Our business may suffer if we lose key personnel.

 

We depend to a large extent on the services of our key personnel, including Alan Barksdale, our President and Chief Executive Officer, and Hilda Kouvelis, our Chief Accounting Officer. These individuals have extensive experience and expertise in evaluating and analyzing producing oil and natural gas properties and drilling prospects, maximizing production from oil and natural gas properties and developing and executing financing strategies. Although we have an employment agreement with Ms. Kouvelis, we do not currently have an employment agreement with Mr. Barksdale and he is free to terminate his employment with us at any time and compete with us immediately thereafter. The loss of any of these individuals could have a material adverse effect on our operations. We do not maintain key-man life insurance with respect to any management personnel. Our success will be dependent on our ability to continue to retain and utilize skilled technical personnel.

 

Our business is difficult to evaluate because we have a limited operating history.

 

Prior to June 2010, we had no material operations. After our June 2010 acquisition of oil and natural gas properties in Zapata County and Duval County in the onshore Gulf Coast of Texas, we began to recognize revenue from our operations. Accordingly, we have a very short financial operating history and a history of losses. As a result, there is only limited historical financial and operating information available upon which to base your evaluation of our performance.

 

Properties that we acquire may not produce as projected, and we may be unable to accurately predict reserve potential, identify liabilities associated with the properties or obtain protection from sellers against such liabilities.

 

As part of our growth strategy, we intend to acquire additional interests in oil and natural gas properties. Any future acquisitions will require an assessment of recoverable reserves, title, future oil and natural gas prices, operating costs, potential environmental hazards and liabilities, potential tax and Employee Retirement Income Security Act liabilities, and other liabilities and other similar factors. Generally, it is not feasible for us to review in detail every individual property involved in an acquisition, and our review efforts are normally focused on the higher-valued properties. Even a detailed review of properties and records may not reveal existing or potential problems, nor will it permit us to become sufficiently familiar with the properties to assess fully their deficiencies and capabilities. We do not inspect every well that we acquire. Potential problems, such as deficiencies in the mechanical integrity of equipment or environmental conditions that may require significant remedial expenditures, are not necessarily observable even when we inspect a well. Any unidentified problems could result in material liabilities and costs that negatively impact our financial condition and results of operations.

 

Even if we are able to identify problems with an acquisition, the seller may be unwilling or unable to provide effective contractual protection or indemnity against all or part of these problems. Even if a seller agrees to provide indemnity, the indemnity may not be fully enforceable and may be limited by floors and caps on such indemnity.
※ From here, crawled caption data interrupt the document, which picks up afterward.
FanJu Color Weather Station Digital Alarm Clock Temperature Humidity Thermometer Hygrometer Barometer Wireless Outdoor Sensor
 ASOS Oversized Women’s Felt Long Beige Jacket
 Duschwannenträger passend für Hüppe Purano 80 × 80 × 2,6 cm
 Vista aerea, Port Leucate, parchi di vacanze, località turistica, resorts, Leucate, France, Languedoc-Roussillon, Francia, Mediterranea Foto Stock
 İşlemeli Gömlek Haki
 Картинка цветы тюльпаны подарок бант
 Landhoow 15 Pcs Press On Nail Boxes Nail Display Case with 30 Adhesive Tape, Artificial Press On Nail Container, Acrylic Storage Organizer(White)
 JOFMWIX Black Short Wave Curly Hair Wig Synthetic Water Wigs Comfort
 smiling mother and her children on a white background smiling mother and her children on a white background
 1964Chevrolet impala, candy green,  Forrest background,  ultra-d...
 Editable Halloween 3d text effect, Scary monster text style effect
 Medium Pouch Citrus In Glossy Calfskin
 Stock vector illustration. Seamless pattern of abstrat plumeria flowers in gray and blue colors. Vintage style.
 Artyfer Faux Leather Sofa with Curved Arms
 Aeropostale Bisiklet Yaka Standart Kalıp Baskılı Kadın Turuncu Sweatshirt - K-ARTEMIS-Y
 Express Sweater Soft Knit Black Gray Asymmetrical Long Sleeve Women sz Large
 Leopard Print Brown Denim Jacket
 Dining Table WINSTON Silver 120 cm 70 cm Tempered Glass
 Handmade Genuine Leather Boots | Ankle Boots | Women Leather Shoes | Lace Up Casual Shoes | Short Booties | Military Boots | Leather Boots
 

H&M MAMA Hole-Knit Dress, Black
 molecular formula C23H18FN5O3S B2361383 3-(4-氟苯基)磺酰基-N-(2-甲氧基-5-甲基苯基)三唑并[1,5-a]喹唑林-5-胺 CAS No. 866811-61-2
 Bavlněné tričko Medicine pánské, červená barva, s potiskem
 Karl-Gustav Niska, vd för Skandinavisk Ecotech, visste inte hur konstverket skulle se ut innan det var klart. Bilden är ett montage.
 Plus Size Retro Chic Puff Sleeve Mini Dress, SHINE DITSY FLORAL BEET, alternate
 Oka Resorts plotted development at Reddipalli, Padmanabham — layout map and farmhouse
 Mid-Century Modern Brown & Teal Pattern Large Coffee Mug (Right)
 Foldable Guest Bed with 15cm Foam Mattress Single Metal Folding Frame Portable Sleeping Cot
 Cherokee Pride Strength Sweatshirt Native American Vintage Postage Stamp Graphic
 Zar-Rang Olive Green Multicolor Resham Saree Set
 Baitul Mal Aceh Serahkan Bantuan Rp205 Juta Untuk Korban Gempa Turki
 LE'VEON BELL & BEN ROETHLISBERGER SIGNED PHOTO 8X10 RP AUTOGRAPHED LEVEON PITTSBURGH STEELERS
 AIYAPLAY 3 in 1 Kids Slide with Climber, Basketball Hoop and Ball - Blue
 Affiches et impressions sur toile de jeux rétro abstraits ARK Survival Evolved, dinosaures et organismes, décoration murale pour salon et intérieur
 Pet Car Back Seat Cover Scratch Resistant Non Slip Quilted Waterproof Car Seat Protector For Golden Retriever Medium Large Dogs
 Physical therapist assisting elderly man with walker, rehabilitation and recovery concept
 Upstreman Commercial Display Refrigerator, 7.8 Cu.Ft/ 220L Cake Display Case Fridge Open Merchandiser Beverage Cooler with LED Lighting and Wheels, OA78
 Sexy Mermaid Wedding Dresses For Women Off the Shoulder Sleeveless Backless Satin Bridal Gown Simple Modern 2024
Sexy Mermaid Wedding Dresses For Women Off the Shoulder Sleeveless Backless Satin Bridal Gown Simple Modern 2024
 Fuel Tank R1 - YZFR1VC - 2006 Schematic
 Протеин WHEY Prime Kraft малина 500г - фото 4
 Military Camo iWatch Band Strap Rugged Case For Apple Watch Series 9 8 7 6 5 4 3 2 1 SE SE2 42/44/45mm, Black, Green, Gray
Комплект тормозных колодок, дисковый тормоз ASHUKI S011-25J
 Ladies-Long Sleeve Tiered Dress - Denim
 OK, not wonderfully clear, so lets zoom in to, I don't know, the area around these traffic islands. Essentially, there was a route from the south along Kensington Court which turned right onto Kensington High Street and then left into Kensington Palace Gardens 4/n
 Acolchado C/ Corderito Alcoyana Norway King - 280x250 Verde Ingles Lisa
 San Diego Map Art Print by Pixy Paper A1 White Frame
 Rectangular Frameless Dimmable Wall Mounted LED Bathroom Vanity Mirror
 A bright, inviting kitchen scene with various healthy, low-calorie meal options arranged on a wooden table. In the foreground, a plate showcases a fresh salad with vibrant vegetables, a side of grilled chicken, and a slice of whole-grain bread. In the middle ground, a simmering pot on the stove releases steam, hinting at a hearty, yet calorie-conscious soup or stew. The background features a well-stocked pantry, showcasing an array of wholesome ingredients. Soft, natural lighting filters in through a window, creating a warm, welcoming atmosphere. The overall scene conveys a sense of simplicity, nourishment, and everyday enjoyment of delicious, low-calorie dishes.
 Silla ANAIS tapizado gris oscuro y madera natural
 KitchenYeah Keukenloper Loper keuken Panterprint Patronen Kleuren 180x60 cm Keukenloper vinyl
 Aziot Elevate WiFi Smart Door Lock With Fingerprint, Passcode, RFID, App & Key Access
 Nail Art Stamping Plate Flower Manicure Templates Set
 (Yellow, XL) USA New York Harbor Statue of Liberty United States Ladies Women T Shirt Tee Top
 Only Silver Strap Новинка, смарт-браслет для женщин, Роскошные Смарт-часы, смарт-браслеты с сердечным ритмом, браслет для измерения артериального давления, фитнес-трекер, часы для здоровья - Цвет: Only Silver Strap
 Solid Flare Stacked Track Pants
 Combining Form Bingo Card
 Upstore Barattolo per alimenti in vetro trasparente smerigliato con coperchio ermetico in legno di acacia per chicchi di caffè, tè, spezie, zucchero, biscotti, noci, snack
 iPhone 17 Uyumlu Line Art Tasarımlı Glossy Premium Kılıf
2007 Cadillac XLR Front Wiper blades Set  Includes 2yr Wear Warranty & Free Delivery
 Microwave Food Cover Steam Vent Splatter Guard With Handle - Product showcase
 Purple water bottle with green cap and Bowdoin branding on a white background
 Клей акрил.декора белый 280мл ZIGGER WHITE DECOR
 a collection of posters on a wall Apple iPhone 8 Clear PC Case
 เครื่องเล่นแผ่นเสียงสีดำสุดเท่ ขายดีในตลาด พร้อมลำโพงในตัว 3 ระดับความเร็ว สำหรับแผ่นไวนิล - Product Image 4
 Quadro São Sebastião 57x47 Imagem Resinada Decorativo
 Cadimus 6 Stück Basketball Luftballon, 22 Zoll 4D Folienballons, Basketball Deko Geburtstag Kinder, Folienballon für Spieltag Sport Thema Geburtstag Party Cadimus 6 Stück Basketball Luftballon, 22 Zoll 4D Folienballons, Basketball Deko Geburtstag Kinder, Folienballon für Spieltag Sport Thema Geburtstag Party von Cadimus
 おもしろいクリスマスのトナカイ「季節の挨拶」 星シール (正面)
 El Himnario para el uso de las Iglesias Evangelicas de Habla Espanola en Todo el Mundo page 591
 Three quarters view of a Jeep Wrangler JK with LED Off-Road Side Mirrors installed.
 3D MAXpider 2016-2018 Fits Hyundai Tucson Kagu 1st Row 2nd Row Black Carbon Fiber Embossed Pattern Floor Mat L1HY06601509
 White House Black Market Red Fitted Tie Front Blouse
In addition, we may acquire oil and natural gas properties that contain commercially productive reserves which are less than predicted. Any of these factors could have a material adverse effect on our results of operations and reserve growth.

 

Our failure to successfully identify, complete and integrate future acquisitions of properties or businesses could reduce our earnings and slow our growth.

  

There is intense competition for acquisition opportunities in our industry. Competition for acquisitions may increase the cost of, or cause us to refrain from, completing acquisitions. Our ability to complete acquisitions is dependent upon, among other things, our ability to obtain debt and equity financing and, in some cases, regulatory approvals. Further, these acquisitions may be in geographic regions in which we do not currently operate, which could result in unforeseen operating difficulties and difficulties in coordinating geographically dispersed operations, personnel and facilities. In addition, if we enter into new geographic markets, we may be subject to additional and unfamiliar legal and regulatory requirements. Compliance with regulatory requirements may impose substantial additional obligations on us and our management, cause us to expend additional time and resources in compliance activities and increase our exposure to penalties or fines for non-compliance with such additional legal requirements. Completed acquisitions could require us to invest further in operational, financial and management information systems and to attract, retain, motivate and effectively manage additional employees. The inability to effectively manage the integration of acquisitions could reduce our focus on subsequent acquisitions and current operations, which, in turn, could negatively impact our earnings and growth. Our financial position and results of operations may fluctuate significantly from period to period, based on whether or not significant acquisitions are completed in particular periods.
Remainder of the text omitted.